Written and unwritten contracts are essential parts of the Thai legal system and form the basis of many of our personal and business transactions. To protect yourself, especially when money is involved, and to avoid legal entanglements, a basic understanding of contracts is essential. There is no definition of “Contracts” in the Thai Civil Code. However let’s say that you have an offer which clearly indicates to someone else your intention to enter into a contract. If your offer is accepted voluntarily, then you’ve got an acceptance and the offer becomes a contracts. Contracts are voluntary, legally binding agreements between two or more people to do or not do something. Whether you realize it or not, you enter into contracts all the time: when you borrow money from a bank, get married or divorced, buy a car, buy your meals and so on.
The best contract is always a written one in which all the things that have been agreed - the terms of the contract - are spelled out, in writing. Terms usually include the following:
- Who’s obligated to do what and for how much
- Applicable deadlines
- Answers to questions such as “what happens if…?”
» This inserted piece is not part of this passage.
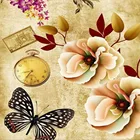 Бабочка с изображениями цветов и животных, полная выкладка квадратные 3D DIY алмазная живопись мозаичная картина, выполненная в технике алмазной вышивки крестом комплект украшений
Fill-in-the-blank contracts are only appropriate for very straightforward agreements; they’re not a good idea if your agreement must address unusual or special situations or concerns.
What if I want out?
A contract can be broken under certain conditions, which include the following:
- You are defrauded by another party to the contract.
- One party to the contract breaches the contract.
- You sign the contract because you’re being threatened.
- You and the other parties to the contract agree to cancel it.
If the contract is important and you want to minimize the potential for problems with it later, ask lawyers to review the contract before you sign it. Lawyers can point out any weaknesses in the contract and suggest changes to give you more legal protection.